I/O segregation: if you do a lot of write type traffic you'll almost definitely want the transaction logs on a different disk group than application logs and snapshots (the write to the Zookeeper service has a synchronous write to disk, which can be slow).

Application segregation: Unless you really understand the application patterns of other apps that you want to install on the same box, it can be a good idea to run Zookeeper in isolation (though this can be a balancing act with the capabilities of the hardware). Use care with virtualization: It can work, depending on your cluster layout and read/write patterns and SLAs, but the tiny overheads introduced by the virtualization layer can add up and throw off Zookeeper, as it can be very time sensitive

Zookeeper configuration and monitoring: It's java, make sure you give it 'enough' heap space (We usually run them with 3-5G, but that's mostly due to the data set size we have here). Unfortunately we don't have a good formula for it. As far as monitoring, both JMX and the 4 letter words (4lw) commands are very useful, they do overlap in some cases (and in those cases we prefer the 4 letter commands, they seem more predictable, or at the very least, they work better with the LI monitoring infrastructure) Don't overbuild the cluster: large clusters, especially in a write heavy usage pattern, means a lot of intracluster communication (quorums on the writes and subsequent cluster member updates), but don't underbuild it (and risk swamping the cluster).

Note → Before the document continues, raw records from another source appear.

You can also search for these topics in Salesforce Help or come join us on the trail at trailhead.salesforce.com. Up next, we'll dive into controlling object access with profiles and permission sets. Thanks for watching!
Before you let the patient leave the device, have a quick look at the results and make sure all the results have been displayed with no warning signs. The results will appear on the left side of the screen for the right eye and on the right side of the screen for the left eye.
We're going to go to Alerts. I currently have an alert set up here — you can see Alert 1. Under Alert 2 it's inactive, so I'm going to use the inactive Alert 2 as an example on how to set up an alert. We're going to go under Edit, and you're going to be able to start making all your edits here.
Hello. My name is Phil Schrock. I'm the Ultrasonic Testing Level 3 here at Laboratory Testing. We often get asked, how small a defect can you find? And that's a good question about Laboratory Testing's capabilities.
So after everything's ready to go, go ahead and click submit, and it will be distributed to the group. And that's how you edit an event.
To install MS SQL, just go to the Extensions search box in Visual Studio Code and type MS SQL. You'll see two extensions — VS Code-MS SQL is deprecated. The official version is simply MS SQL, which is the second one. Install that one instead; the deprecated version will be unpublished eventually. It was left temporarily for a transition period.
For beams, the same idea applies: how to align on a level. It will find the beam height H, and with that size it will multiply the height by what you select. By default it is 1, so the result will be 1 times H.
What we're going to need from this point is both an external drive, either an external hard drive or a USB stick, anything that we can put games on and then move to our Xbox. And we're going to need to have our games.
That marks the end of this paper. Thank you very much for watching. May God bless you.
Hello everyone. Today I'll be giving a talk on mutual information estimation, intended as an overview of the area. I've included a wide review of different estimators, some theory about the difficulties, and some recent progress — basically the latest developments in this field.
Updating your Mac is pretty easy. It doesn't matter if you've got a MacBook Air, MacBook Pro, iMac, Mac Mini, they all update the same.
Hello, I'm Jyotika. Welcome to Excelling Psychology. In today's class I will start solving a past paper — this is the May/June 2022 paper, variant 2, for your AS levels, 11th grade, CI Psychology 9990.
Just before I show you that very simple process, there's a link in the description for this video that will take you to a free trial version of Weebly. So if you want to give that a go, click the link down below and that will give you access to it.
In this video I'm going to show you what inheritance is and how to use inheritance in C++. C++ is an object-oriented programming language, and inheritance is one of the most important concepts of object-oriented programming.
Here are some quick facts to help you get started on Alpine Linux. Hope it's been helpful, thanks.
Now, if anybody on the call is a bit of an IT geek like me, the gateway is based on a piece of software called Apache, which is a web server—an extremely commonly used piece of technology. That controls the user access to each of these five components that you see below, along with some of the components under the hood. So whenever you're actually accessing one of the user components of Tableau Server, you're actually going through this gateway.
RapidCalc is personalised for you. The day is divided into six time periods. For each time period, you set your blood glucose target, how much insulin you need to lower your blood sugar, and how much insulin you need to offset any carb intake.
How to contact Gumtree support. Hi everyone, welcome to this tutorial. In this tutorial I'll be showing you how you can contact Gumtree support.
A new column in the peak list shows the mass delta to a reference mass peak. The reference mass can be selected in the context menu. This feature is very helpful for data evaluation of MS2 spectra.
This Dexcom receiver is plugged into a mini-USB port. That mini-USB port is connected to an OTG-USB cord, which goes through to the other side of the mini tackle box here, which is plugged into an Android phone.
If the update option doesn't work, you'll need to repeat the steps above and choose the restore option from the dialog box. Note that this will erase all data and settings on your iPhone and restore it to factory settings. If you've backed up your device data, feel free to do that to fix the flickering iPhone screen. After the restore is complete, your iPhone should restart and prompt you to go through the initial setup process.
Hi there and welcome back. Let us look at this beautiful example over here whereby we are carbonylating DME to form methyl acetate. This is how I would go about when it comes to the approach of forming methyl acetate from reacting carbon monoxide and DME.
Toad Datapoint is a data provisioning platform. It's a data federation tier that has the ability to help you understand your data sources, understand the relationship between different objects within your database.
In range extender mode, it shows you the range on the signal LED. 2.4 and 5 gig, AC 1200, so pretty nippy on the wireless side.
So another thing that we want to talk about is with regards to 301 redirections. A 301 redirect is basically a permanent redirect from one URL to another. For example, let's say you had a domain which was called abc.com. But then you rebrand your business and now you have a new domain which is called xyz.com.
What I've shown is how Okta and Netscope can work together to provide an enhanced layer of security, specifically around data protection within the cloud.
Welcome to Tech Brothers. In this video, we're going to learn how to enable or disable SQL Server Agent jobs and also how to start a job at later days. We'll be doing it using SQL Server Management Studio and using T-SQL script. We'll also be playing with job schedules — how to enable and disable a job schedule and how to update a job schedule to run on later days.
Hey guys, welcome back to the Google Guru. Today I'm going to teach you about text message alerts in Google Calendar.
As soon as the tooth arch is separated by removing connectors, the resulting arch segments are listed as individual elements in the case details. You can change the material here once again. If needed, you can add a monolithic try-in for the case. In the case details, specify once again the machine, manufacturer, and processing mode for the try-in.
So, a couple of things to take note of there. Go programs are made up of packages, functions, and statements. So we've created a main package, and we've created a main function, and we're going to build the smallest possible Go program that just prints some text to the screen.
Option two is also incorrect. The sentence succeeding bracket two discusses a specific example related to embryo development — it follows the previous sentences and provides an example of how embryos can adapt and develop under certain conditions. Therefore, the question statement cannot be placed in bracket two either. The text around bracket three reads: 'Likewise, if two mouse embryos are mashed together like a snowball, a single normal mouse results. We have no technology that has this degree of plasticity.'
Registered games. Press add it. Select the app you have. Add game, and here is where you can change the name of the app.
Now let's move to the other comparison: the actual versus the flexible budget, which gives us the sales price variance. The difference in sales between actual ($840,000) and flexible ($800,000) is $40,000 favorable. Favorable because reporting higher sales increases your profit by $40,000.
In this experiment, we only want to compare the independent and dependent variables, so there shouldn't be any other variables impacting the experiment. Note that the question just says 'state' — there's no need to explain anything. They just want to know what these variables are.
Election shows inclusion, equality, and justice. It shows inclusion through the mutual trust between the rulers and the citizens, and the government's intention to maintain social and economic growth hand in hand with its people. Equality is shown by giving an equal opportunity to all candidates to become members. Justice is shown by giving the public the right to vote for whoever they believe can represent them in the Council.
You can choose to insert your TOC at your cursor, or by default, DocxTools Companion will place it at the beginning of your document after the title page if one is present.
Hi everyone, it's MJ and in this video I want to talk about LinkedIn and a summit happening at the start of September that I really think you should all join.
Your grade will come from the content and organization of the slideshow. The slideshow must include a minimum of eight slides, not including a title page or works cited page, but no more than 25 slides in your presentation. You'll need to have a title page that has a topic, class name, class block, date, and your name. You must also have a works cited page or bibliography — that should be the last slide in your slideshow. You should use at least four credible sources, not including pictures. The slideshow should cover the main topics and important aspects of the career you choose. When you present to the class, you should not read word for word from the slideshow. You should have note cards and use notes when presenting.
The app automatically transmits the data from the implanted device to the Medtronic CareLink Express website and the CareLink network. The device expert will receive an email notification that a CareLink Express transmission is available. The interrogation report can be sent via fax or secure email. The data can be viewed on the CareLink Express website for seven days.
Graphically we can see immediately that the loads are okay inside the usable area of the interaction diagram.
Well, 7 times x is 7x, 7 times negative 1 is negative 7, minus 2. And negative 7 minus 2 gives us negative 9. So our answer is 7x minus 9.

Try to run on a 3-5 node cluster: Zookeeper writes use quorums and inherently that means having an odd number of machines in a cluster. Remember that a 5 node cluster will cause writes to slow down compared to a 3 node cluster, but will allow more fault tolerance.

Overall, we try to keep the Zookeeper system as small as will handle the load (plus standard growth capacity planning) and as simple as possible. We try not to do anything fancy with the configuration or application layout as compared to the official release as well as keep it as self contained as possible. For these reasons, we tend to skip the OS packaged versions, since it has a tendency to try to put things in the OS standard hierarchy, which can be 'messy', for want of a better way to word it.